# Does high temperatures can affect router performance?



## CJLopez (Nov 24, 2008)

I live in Hermosillo, Sonora México, one of the hottest city in the North of Mexico (hottest girls and temps of course), specially now that is summer.

Well, the thing is, where i have my cable modem, router and pc's working, i don't have any kind of air conditioning, and i been having lots of problems with my internet, and had found out that its my router which kinda over heats or something, i don't know.

I have 2 router, which are having the same issue, its a ENHWI-G2 and a NetGear WGR614. One i had bought it for lan parties i threw a year ago (the encore) and when i switched to cable internet (had ADSL before) my ISP gave me the netgear one

Now, whenever one of this symptons are presented

1.- My router for some reason only gives internet to the wireless devices (laptops and a Wii) or gives them more priority, rendering internet on any wired connection almost unbearable
2.- My router ceases to provide internet at all

I switch the routers but i'm getting sick of this happening. I connected a little fan besides the router and this problem almost ceased to exist, at least now the netgear router could go on for a couple of weeks while the encore one can work properlitly for a couple of hour and when it gave problem a reset would work again.

But still, those aint solutions to my problems, only temporal patches and I really want to know if really heat those really had this kind of effect and how can i solve (except installing an A/C on my study. I already looked for this possibility and sadly it cant be installed there.)

Funny thing is, when i had ADSL, my previous ISP gave the modem which also was a wireless router and even though it was also in the study, it never ceased to work in this conditions


----------



## ebackhus (Apr 21, 2005)

Lo siento, Senor. Las chicas bonitas esta in Tejas.

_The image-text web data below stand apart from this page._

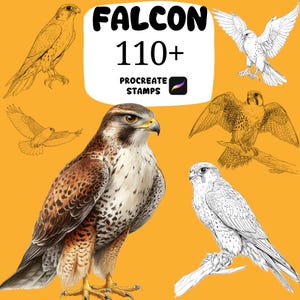Puede incluir: Ilustración de varios halcones en diferentes poses y estilos. La imagen incluye un halcón detallado y colorido y varios bocetos, con el texto "FALCON 110+ PROCREATE STAMPS" sobre un fondo amarillo.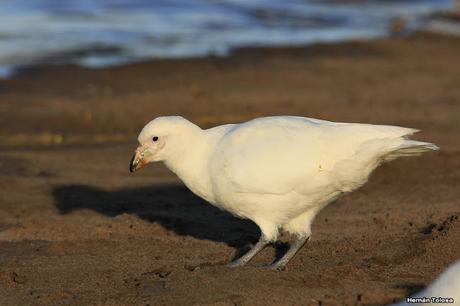 Sur bonaerense III (Puerto de Quequén)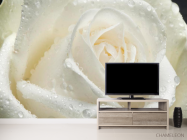 Фотообои Роза белая крупным планом - 2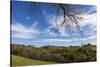 Europe, Austria, Styria, South-Styrian Wine Route, Vineyards, Houses-Gerhard Wild-Stretched Canvas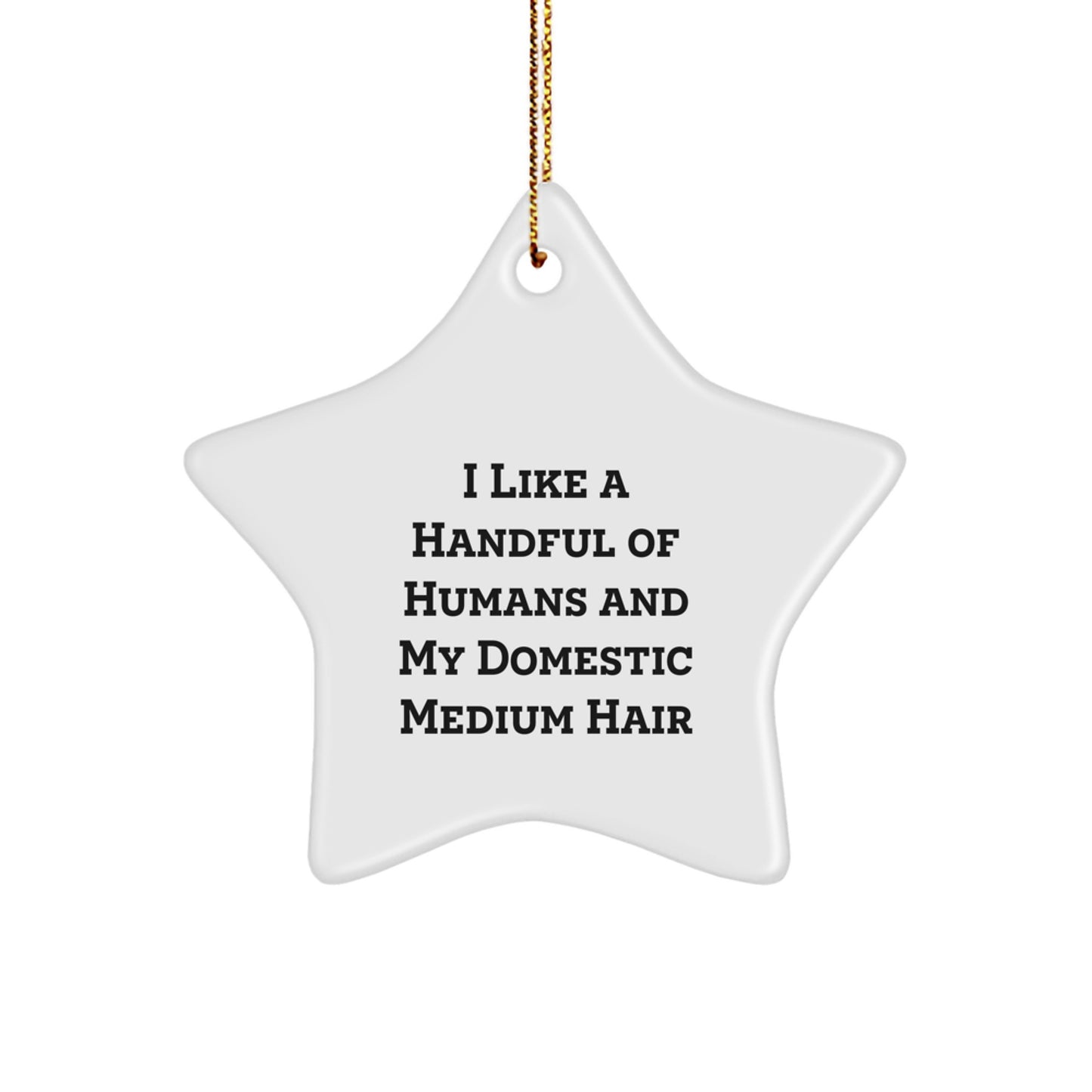 Funny Domestic Medium Hair Cat Christmas Star Ornament Gifts from Friends and Family - Image 1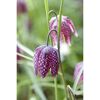 Gefleckte lila Schachbrettblume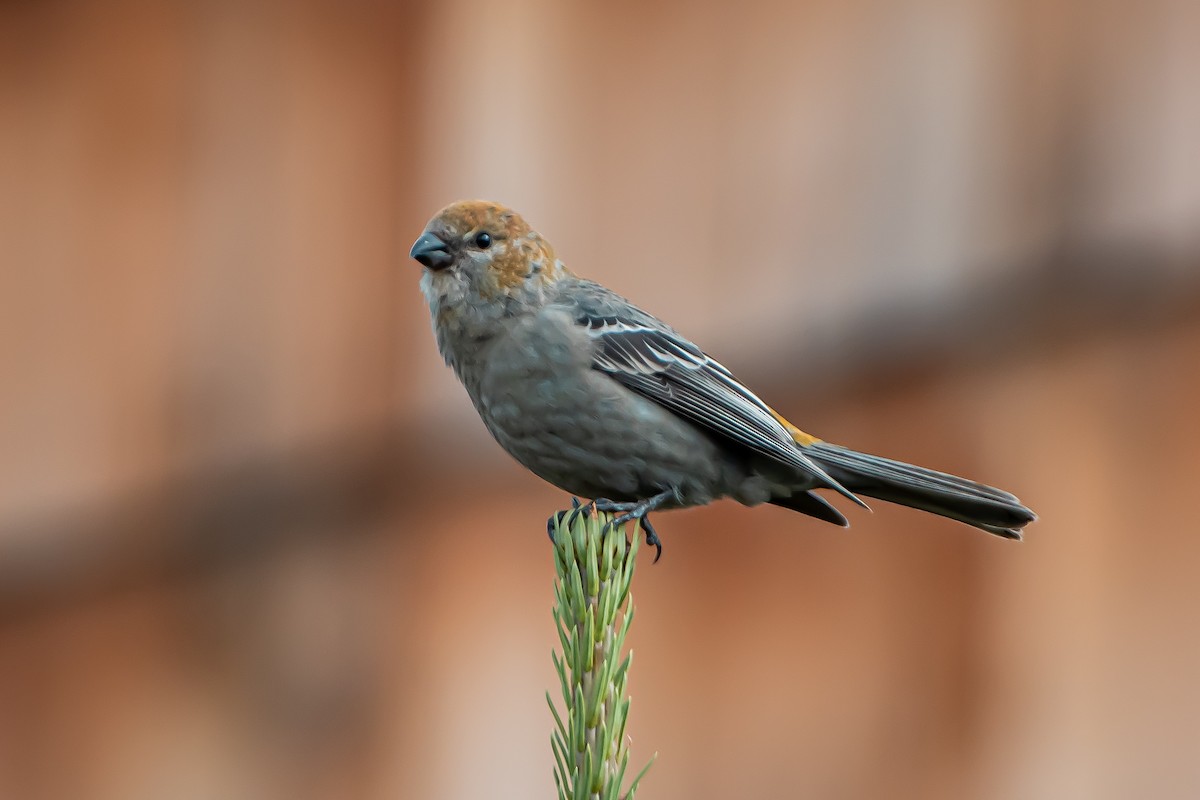 Pine Grosbeak - ML624014821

Some routers are negatively affected by heat. My parents have one that is susceptible to heat and the solution was to set it on a small stand that allows for airflow across the top AND bottom.


----------



## fej2008 (Jun 16, 2009)

I think it does affect router's performance, coz my cousin used a router before for playing xbox and uses desktop at the same time and he placed the router into a cabinet where there's no air flowing through it (he did it to save some space) and the router fits to it like it was designed for that router and one day he noticed his connection slows down everyday he even called his ISP and when we came over to check it, router is like as hot as the girls in your city, it can even cook an egg in seconds. After hours of usage it died right away, good thing it is still in warrany and we had replaced.


----------